ACTIVITY ▸
Your output should consist of the data, copied exactly.

[Items from a data source]
**********

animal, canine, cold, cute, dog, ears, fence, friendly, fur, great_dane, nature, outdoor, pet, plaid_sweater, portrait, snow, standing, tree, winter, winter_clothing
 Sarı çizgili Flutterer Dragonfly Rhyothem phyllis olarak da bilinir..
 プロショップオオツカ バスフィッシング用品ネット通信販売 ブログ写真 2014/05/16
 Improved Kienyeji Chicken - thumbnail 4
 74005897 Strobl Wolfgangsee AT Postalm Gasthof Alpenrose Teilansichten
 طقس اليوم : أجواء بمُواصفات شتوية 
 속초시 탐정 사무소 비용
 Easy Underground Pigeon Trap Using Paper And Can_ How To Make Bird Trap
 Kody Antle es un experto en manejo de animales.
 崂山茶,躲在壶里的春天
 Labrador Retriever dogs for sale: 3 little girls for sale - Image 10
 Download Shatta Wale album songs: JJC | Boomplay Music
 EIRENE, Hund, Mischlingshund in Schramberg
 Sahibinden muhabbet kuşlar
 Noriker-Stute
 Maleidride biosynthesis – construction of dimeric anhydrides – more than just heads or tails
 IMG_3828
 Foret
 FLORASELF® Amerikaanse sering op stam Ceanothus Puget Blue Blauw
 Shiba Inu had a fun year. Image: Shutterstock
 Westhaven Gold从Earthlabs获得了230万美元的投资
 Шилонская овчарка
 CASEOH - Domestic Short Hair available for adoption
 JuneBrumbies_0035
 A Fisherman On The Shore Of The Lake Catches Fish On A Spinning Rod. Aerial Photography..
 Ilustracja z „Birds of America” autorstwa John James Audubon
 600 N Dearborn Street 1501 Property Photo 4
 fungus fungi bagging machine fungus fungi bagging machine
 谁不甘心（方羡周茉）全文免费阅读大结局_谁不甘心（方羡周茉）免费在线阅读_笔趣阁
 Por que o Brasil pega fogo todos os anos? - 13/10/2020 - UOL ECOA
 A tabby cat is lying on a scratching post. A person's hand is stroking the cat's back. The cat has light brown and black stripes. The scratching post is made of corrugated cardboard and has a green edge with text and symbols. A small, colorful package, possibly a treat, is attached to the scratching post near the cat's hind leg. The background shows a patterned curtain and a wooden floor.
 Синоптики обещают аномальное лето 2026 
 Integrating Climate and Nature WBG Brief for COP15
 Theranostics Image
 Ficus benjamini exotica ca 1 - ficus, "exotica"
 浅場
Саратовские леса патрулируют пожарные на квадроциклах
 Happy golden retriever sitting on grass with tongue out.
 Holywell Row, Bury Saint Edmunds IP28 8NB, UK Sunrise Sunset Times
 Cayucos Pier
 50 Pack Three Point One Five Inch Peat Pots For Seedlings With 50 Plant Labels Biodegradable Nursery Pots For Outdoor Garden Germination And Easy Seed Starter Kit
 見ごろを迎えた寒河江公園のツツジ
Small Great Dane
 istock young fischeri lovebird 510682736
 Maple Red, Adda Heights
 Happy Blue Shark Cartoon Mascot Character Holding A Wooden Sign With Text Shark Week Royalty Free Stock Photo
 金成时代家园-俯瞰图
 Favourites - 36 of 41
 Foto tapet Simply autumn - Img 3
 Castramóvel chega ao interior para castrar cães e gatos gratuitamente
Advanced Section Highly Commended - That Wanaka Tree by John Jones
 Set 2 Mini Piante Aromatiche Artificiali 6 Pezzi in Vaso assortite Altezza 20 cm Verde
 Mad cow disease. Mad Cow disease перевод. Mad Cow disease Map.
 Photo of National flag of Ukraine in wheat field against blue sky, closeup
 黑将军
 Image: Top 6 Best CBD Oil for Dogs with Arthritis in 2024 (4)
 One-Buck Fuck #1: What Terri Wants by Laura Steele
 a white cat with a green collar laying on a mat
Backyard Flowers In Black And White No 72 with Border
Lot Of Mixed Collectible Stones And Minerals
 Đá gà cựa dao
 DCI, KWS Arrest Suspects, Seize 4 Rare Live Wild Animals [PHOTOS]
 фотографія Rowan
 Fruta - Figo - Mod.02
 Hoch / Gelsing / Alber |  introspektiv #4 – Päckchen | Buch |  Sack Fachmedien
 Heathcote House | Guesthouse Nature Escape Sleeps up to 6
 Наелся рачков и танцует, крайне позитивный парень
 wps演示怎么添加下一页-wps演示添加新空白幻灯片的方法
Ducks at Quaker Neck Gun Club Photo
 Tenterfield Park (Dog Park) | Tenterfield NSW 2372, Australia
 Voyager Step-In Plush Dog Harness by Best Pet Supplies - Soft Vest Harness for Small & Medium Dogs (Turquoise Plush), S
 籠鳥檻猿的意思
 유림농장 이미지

**********

WRITTEN RESPONSE ▸
animal, canine, cold, cute, dog, ears, fence, friendly, fur, great_dane, nature, outdoor, pet, plaid_sweater, portrait, snow, standing, tree, winter, winter_clothing
 Sarı çizgili Flutterer Dragonfly Rhyothem phyllis olarak da bilinir..
 プロショップオオツカ バスフィッシング用品ネット通信販売 ブログ写真 2014/05/16
 Improved Kienyeji Chicken - thumbnail 4
 74005897 Strobl Wolfgangsee AT Postalm Gasthof Alpenrose Teilansichten
 طقس اليوم : أجواء بمُواصفات شتوية 
 속초시 탐정 사무소 비용
 Easy Underground Pigeon Trap Using Paper And Can_ How To Make Bird Trap
 Kody Antle es un experto en manejo de animales.
 崂山茶,躲在壶里的春天
 Labrador Retriever dogs for sale: 3 little girls for sale - Image 10
 Download Shatta Wale album songs: JJC | Boomplay Music
 EIRENE, Hund, Mischlingshund in Schramberg
 Sahibinden muhabbet kuşlar
 Noriker-Stute
 Maleidride biosynthesis – construction of dimeric anhydrides – more than just heads or tails
 IMG_3828
 Foret
 FLORASELF® Amerikaanse sering op stam Ceanothus Puget Blue Blauw
 Shiba Inu had a fun year. Image: Shutterstock
 Westhaven Gold从Earthlabs获得了230万美元的投资
 Шилонская овчарка
 CASEOH - Domestic Short Hair available for adoption
 JuneBrumbies_0035
 A Fisherman On The Shore Of The Lake Catches Fish On A Spinning Rod. Aerial Photography..
 Ilustracja z „Birds of America” autorstwa John James Audubon
 600 N Dearborn Street 1501 Property Photo 4
 fungus fungi bagging machine fungus fungi bagging machine
 谁不甘心（方羡周茉）全文免费阅读大结局_谁不甘心（方羡周茉）免费在线阅读_笔趣阁
 Por que o Brasil pega fogo todos os anos? - 13/10/2020 - UOL ECOA
 A tabby cat is lying on a scratching post. A person's hand is stroking the cat's back. The cat has light brown and black stripes. The scratching post is made of corrugated cardboard and has a green edge with text and symbols. A small, colorful package, possibly a treat, is attached to the scratching post near the cat's hind leg. The background shows a patterned curtain and a wooden floor.
 Синоптики обещают аномальное лето 2026 
 Integrating Climate and Nature WBG Brief for COP15
 Theranostics Image
 Ficus benjamini exotica ca 1 - ficus, "exotica"
 浅場
Саратовские леса патрулируют пожарные на квадроциклах
 Happy golden retriever sitting on grass with tongue out.
 Holywell Row, Bury Saint Edmunds IP28 8NB, UK Sunrise Sunset Times
 Cayucos Pier
 50 Pack Three Point One Five Inch Peat Pots For Seedlings With 50 Plant Labels Biodegradable Nursery Pots For Outdoor Garden Germination And Easy Seed Starter Kit
 見ごろを迎えた寒河江公園のツツジ
Small Great Dane
 istock young fischeri lovebird 510682736
 Maple Red, Adda Heights
 Happy Blue Shark Cartoon Mascot Character Holding A Wooden Sign With Text Shark Week Royalty Free Stock Photo
 金成时代家园-俯瞰图
 Favourites - 36 of 41
 Foto tapet Simply autumn - Img 3
 Castramóvel chega ao interior para castrar cães e gatos gratuitamente
Advanced Section Highly Commended - That Wanaka Tree by John Jones
 Set 2 Mini Piante Aromatiche Artificiali 6 Pezzi in Vaso assortite Altezza 20 cm Verde
 Mad cow disease. Mad Cow disease перевод. Mad Cow disease Map.
 Photo of National flag of Ukraine in wheat field against blue sky, closeup
 黑将军
 Image: Top 6 Best CBD Oil for Dogs with Arthritis in 2024 (4)
 One-Buck Fuck #1: What Terri Wants by Laura Steele
 a white cat with a green collar laying on a mat
Backyard Flowers In Black And White No 72 with Border
Lot Of Mixed Collectible Stones And Minerals
 Đá gà cựa dao
 DCI, KWS Arrest Suspects, Seize 4 Rare Live Wild Animals [PHOTOS]
 фотографія Rowan
 Fruta - Figo - Mod.02
 Hoch / Gelsing / Alber |  introspektiv #4 – Päckchen | Buch |  Sack Fachmedien
 Heathcote House | Guesthouse Nature Escape Sleeps up to 6
 Наелся рачков и танцует, крайне позитивный парень
 wps演示怎么添加下一页-wps演示添加新空白幻灯片的方法
Ducks at Quaker Neck Gun Club Photo
 Tenterfield Park (Dog Park) | Tenterfield NSW 2372, Australia
 Voyager Step-In Plush Dog Harness by Best Pet Supplies - Soft Vest Harness for Small & Medium Dogs (Turquoise Plush), S
 籠鳥檻猿的意思
 유림농장 이미지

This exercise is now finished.